▶ _Dataset extract_
┏━━

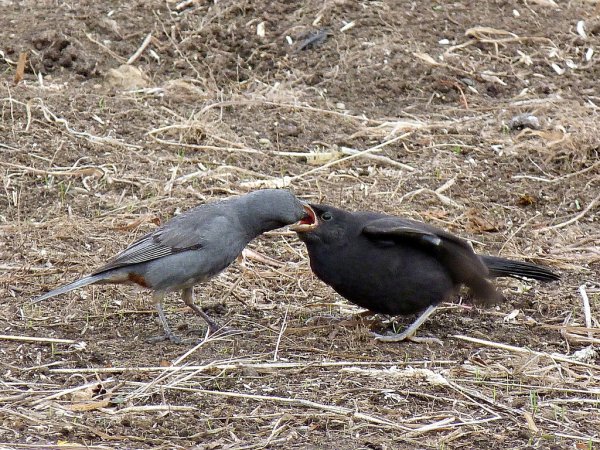Photo (13): Shiny Cowbird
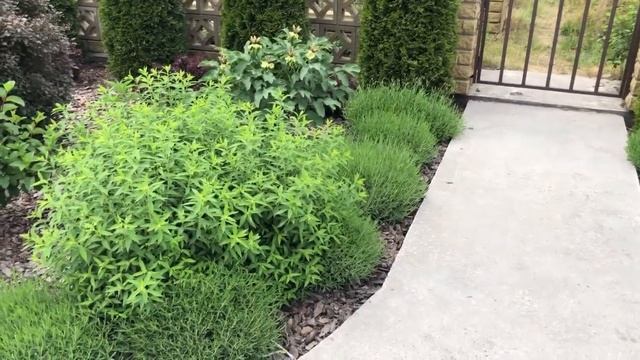 Обзор клумбы с названиями растений смотреть онлайн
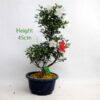 Azalea Flowering Bonsai Tree Kotaro Number 93Y available to buy online from All Things Bonsai Sheffield Yorkshire with free UK delivery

┗━━

▶ _What this task involves_
All of the lines above must be printed again exactly, and no picture may appear in the copy.

▶ _Exercise result_
Photo (13): Shiny Cowbird
 Обзор клумбы с названиями растений смотреть онлайн
 Azalea Flowering Bonsai Tree Kotaro Number 93Y available to buy online from All Things Bonsai Sheffield Yorkshire with free UK delivery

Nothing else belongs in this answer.